Wilde foresaw his own death at a young age, interview reveals
OSCAR WILDE consulted a fortune teller who predicted his early death, according to an Italian interview overlooked by biographers until now.
In that account, published in 1908, the wit, poet and playwright spoke of dying aged 44, according to the destiny “inscribed here in the palm of my hand”. He died in 1900, aged 46.
The comic genius who created The Importance of Being Earnest and Lady Windermere’s Fan spoke frankly to his Italian interviewer.
“My life is drawing to a close,” he told him. “I accomplished all that I set to undertake in the world. My destiny required that I write five plays and I wrote them; a novel and I published it; some short stories and verses, and of both of those I’ve reached the predetermined number. I enjoyed all the exceptional part of happiness that had been granted to me, and I suffered all the sufferings that I had to, and could suffer. Now there is nothing left for me to do but wait for death, which will come to visit me in three years, since I must die at the age of 44.”

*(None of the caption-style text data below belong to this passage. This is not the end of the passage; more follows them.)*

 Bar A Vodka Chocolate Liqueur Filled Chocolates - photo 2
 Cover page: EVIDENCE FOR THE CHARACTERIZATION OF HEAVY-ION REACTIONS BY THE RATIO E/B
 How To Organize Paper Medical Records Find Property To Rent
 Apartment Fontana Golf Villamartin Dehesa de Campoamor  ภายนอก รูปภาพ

He continued: “I have an absolutely psychic hand, the fortune teller told me, and we must believe in fortune telling. It is the most exact and the most useful of all sciences … Every man is predestined to carry out a certain existence: we are nothing more than simple puppets in a grotesque rat trap.”
His comments appeared in an article by Giuseppe Garibaldi Rocco, published a century ago by the Società Editrice Partenopea. It is among Italian publications whose reports on Wilde have been translated into English for the first time in a book, Oscar Wilde’s
Italian Dream 1875-1900 by Renato Miracco, available from April 27.

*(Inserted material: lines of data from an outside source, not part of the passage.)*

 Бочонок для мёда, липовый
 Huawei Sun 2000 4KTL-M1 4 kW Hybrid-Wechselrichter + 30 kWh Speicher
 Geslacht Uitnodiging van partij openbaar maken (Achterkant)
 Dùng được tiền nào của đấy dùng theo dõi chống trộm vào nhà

Wilde moved to Naples to seek out “masterpieces of marble and flesh”, having been hounded from England after his notorious relationship with Lord Alfred Douglas. He died in poverty in Paris, three years after his release from prison.

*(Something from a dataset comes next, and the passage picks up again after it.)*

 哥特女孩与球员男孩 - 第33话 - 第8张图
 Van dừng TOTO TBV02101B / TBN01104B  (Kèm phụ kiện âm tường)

Merlin Holland, Wilde’s only grandson, told The Sunday Telegraph: “As far as I’m aware, these things have not been published before.”
Referring to the prediction of death at 44, he spoke of “slight doubts about the exactitude” of the interview: “After Oscar’s death there were a fair number of sources which gave his birth date wrongly as 1856, so I can imagine Rocco ‘creating’ some of the interview posthumously and basing this statement of Oscar’s on false information.”
But even allowing for this, he said: “There’s something in the record of those conversations which rings true.
“The colour of Oscar’s language and his life seems to be there … it’s an interesting light on Oscar’s life in Naples between September 1897 and January 1898.”
He noted that the reference to the fortune teller did fit in with Wilde’s belief in the paranormal.
Biographers have referred to visits to a palmist and to a fortune teller, who told him: “I see a very brilliant life for you up to a certain point. Then I see a wall. Beyond the wall I see nothing.”
In another passage, Rocco wrote: “You could not be with [Wilde] for five minutes without him telling you plots for stories, novels, dramas, romances – and all very original.”